Platonic Transformers: A Solid Choice For Equivariance

Platonic Transformers: A Solid Choice For Equivariance by Mohammad Mohaiminul Islam, Rishabh Anand, David R. Wessels, Friso de Kruiff, Thijs P. Kuipers, Rex Ying, Clara I. Sánchez, Sharvaree Vadgama, Georg Bökman, Erik J. Bekkers

Welcome to the Platonic Transformer project, where geometric group theory meets modern attention architectures 🌟. This repository contains research code for Platonic Transformers, a drop-in way to add geometric inductive biases to vanilla Transformers.

📄 About the Paper

Platonic Transformers provide a drop-in method to build geometric inductive biases into the standard Transformer architecture, achieving approximate SE(2), E(2), SE(3), or E(3) equivariance at no additional computational cost. Our approach is based on:

Frame-relative attention. Point-wise features are lifted to functions on a finite roto-reflection group; each group element acts as a reference frame, and attention (with RoPE) runs in parallel across frames with shared weights.
Equivariance by design. This yields translation equivariance (via RoPE) and discrete roto-reflectional equivariance (via weight sharing over the chosen group), without changing the attention mechanism.
Dynamic group convolution. Omitting softmax turns attention into a linear-time, content-aware group convolution equivalent.
Cross-domain applicability. Competitive results across CIFAR-10 (images), ScanObjectNN (3D), QM9 & OMol25 (molecular learning).

✨ Key Features

🔷 Group-Equivariant Attention — Based on the symmetries of Platonic solids (e.g., tetrahedron with 12, or octahedron 24 rotations).
🔄 Unified Scalar/Vector I/O — Equivariantly processes scalar and vector features as both input and output.
🔳 Generalizes Standard Transformers — The standard Transformer architecture is recovered by choosing the trivial symmetry group.
🎯 Multiple Benchmarks — CIFAR-10, QM9 regression, ScanObjectNN, and OMol25.
⚡ Linear-Time Variant — Dynamic group convolution by dropping softmax.
🧪 OMol25 Force-Field Training — Energy/force regression with element references, charge/spin conditioning, EMA, and eSEN baselines.
🚄 Flash Attention Backends — Optional FlashAttention-2 and Hopper FlashAttention-3 paths for graph-mode attention.
🛠️ Easy to Use — Unified meta_main.py entry point for all datasets.

🚀 Quick Start

With pip (to use in other repositories):

pip install "platonic_transformers @ git+https://github.com/niazoys/PlatonicTransformer.git"

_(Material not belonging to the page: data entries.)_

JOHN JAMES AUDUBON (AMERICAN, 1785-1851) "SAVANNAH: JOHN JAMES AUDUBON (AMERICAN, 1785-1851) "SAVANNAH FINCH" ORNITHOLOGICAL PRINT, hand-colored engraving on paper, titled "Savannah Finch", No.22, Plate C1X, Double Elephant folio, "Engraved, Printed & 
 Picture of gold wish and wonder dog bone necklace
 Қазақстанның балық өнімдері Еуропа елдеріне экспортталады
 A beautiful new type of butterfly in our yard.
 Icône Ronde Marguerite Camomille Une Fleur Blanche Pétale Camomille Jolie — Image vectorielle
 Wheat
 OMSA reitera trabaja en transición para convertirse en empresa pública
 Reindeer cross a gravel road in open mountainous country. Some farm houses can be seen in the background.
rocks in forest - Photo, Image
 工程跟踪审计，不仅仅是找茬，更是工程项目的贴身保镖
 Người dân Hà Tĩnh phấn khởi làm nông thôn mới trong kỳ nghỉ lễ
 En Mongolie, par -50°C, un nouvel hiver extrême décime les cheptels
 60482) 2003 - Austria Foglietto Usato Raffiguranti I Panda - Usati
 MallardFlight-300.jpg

In a dedicated environment (to run the paper's experiments):

# Clone and setup
git clone https://github.com/niazoys/PlatonicTransformer.git
cd PlatonicTransformer
chmod +x setup.sh && ./setup.sh
source .venv/bin/activate


# Train on CIFAR-10 (loads configs/cifar10_deit.yaml)
python meta_main.py cifar10 --batch_size 256 --lr 8e-4

# Train on QM9 molecular properties (loads configs/qm9_regr.yaml)
python meta_main.py qm9_regr --target mu --batch_size 96

# Train on OMol energy/force regression (loads configs/omol.yaml)
python meta_main.py omol --predict_forces --force_weight 100

Note: The rest of this README will provide instructions for running experiments within a dedicated environment.

📂 Repository Structure

.
├── meta_main.py             # 🎯 Unified entry point for all datasets
├── configs/                 # Dataset-specific YAML configs
├── data/                    # Downloaded datasets and artifacts
├── mains/                   # Dataset-specific training scripts
│   ├── main_cifar10.py
│   ├── main_imagenet.py
│   ├── main_omol.py
│   ├── main_qm9_regr.py
│   └── main_scanobjectnn.py
├── scripts/                 # SLURM job scripts
│   ├── build_omol_natoms_cache.py
│   └── run_omol_snellius_tetra.sh
├── platonic_transformers/
│   ├── datasets/            # Dataset loaders for supported benchmarks
│   ├── models/              # Platonic Transformer building blocks
│   │   ├── baseline/esen/    # eSEN baseline for OMol experiments
│   │   ├── ape.py           # Absolute position encoding
│   │   ├── block.py         # Core PlatonicBlock (attention + feedforward)
│   │   ├── conv.py          # Group convolution / EdgeConv
│   │   ├── force_field.py   # OMol force-field wrapper
│   │   ├── groups.py        # Symmetry group definitions for Platonic solids
│   │   ├── io.py            # Lifting, pooling, dense/sparse utilities
│   │   ├── khot_embeddings.py
│   │   ├── linear.py        # Equivariant linear projections
│   │   ├── patchifiers.py   # Pluggable patchifier modules (Standard, EdgeConv)
│   │   └── platoformer.py   # Full PlatonicTransformer module
│   └── utils                # Config loader and helper utilities
├── pyproject.toml           # Project configuration file
├── requirements.txt         # Python dependencies
├── setup.sh                 # Environment setup script

🔧 Installation

Prerequisites

Python 3.12+
CUDA 12.1+ (for GPU support)
PyTorch 2.3+
FlashAttention-2 is optional but recommended for the default fast attention configs.

Setup

Create a Python 3.12 environment with uv or plain pip. uv is not required, but is faster:

uv venv --python 3.12 venv
source venv/bin/activate
pip install --upgrade pip wheel setuptools

The lightning PyPI package may be unavailable in some environments. If a plain pip install lightning fails with No matching distribution found, build the matching release from source:

git clone --branch 2.5.5 --depth 1 https://github.com/Lightning-AI/pytorch-lightning.git /tmp/pytorch-lightning
cd /tmp/pytorch-lightning
PACKAGE_NAME=lightning pip install --no-deps .
cd -

This provides both the lightning and lightning_fabric namespaces used by the OMol training code.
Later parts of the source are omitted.